今回のタイトルもWaltz with the Evils様にお借りしています。太宰讃選(17題)の5話目です。



    



 昔の話をしよう。

 


 「三宅荘」は真の曽祖父が建てたアパートだった。無論そんな時代のものを現役で使っているはずもなく、真の祖母、幸恵が大家になる時に建て替えはしたがそれでも築五十年。しかし昔の建物のほうが丈夫だとは良く言ったもので、アパート木造二階建ては今でも古びてはいても十分居住に耐える建物だった。瓦の修繕にきた業者も「あと百年はもちますよ」と太鼓判をおしたほどだ。

 それになにより幸恵が毎日丹精こめて磨いた廊下や階段は黒光りして美しい。

 建て替えの際、安普請にはしない、と言い張った幸恵の主張で漆喰の壁は厚く、柱木は上等だ。

 

 真の家は三宅荘から自転車で二十分ほど掛かる場所にあったが、子供の頃から幸恵の住む三宅荘に入り浸っていた。漠然と、大人になったら幸恵の跡についでこの三宅荘の管理人になるんだろうと思っていた。三宅荘は真の住む築浅の家よりもよっぽど落ち着けたし、あと百年もつのなら、自分が死ぬまで面倒を見るくらいでちょうどいいだろう、と思っていたのだ。

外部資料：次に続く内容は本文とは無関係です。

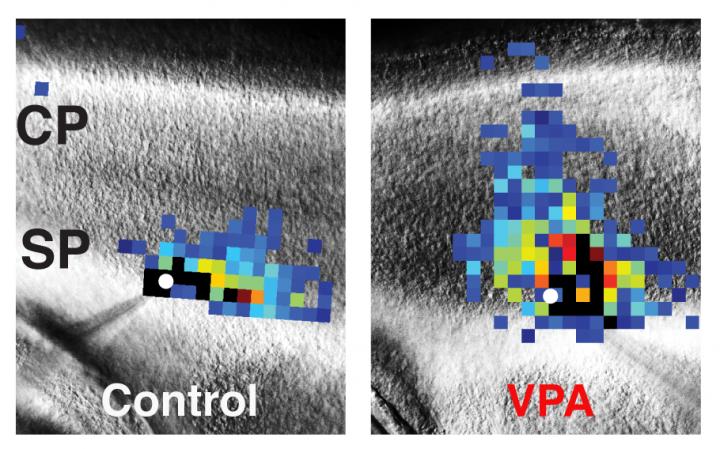 Control vs. VPA Treatment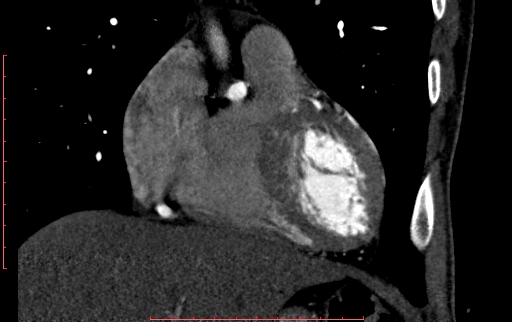 Anomalous left coronary artery from the pulmonary artery (ALCAPA) (Radiopaedia 70148-80181 B 93).jpg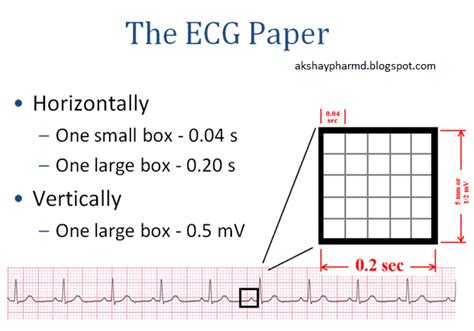 MedicTests.com - Simple explanation of the ECG graph paper! | Facebook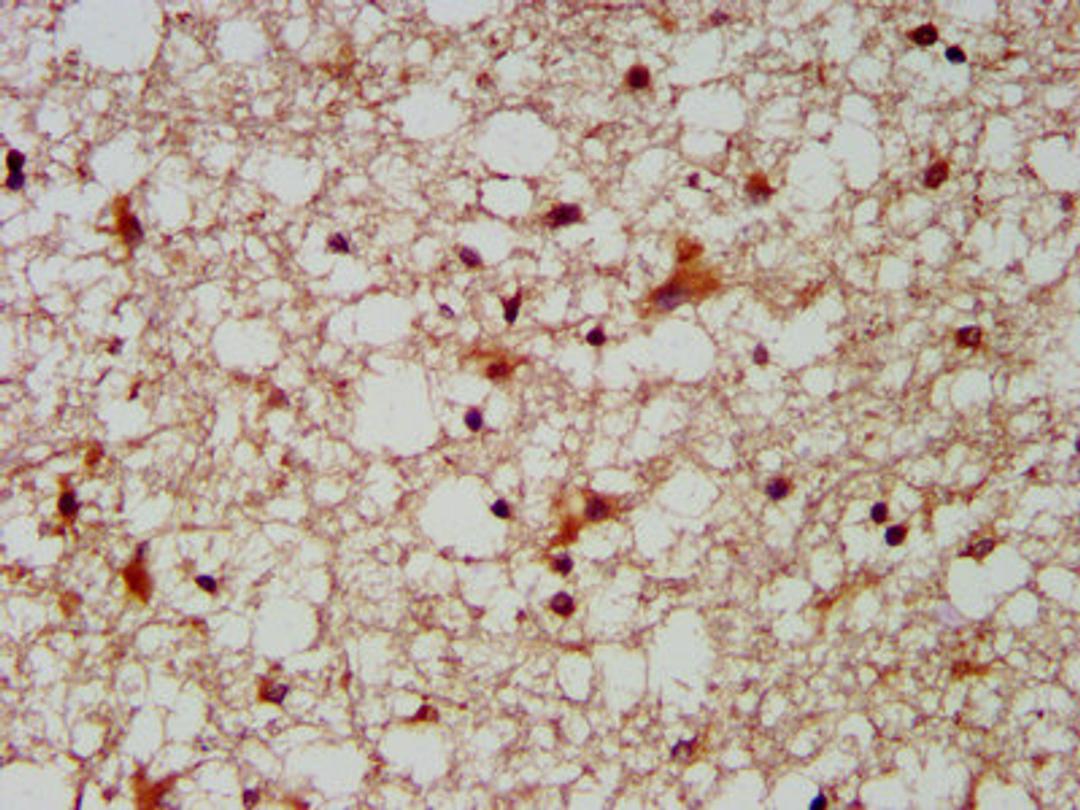 IHC image of CSB-PA836272LA01HU diluted at 1:300 and staining in paraffin-embedded human brain tissue performed on a Leica BondTM system. After dewaxing and hydration, antigen retrieval was mediated by high pressure in a citrate buffer (pH 6.0). Section was blocked with 10% normal goat serum 30min at RT. Then primary antibody (1% BSA) was incubated at 4°C overnight. The primary is detected by a biotinylated secondary antibody and visualized using an HRP conjugated SP system.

 それもあって、大人になったらここに住みたい、という真に幸恵は、それなら真のために今から一部屋を空けておきましょう、と一階にある部屋を一つ真に呉れた。幸恵は他にも土地を持っていたので三宅荘の経営は道楽のようなものだったし、孫の為に一部屋を常に空けておいても構わないほど、三宅荘の入居希望者は少なかったのだ。

 


「今時、お風呂が共同の部屋に入りたがる人なんていないのよ。でもねえ、部屋ごとにお風呂を取り付けるのは無理らしいの」


 建物の耐火基準がどうとかで消防署の許可が下りなかったらしい。幸恵のさびしそうな顔を、中学二年生だった真もまたさびしく思った。

 確かに風呂は共同だったが、一階にあるそれは毎日幸恵が綺麗に掃除していたし、銭湯とは比べるべくもないが一般家庭用よりは大きい湯船と、一人用の小さな湯船の並んでいて洗い場は広く、シャワーの周囲にはシャワーカーテンもついていた。そんな仕様を真は面白く思っていたが、やはり今時、温泉でもあるまいに風呂が共同だというと入居希望者は少ないようで、それからも入居者が増えてアパートが満室になるようなことはなかった。


 真が高校生になり、その高校も卒業しようという頃にはアパートの住人は近所の大学に通う学生二人だけになり、彼らが来年の四月出て行ってから、入居者のあてはなくなりそうだった。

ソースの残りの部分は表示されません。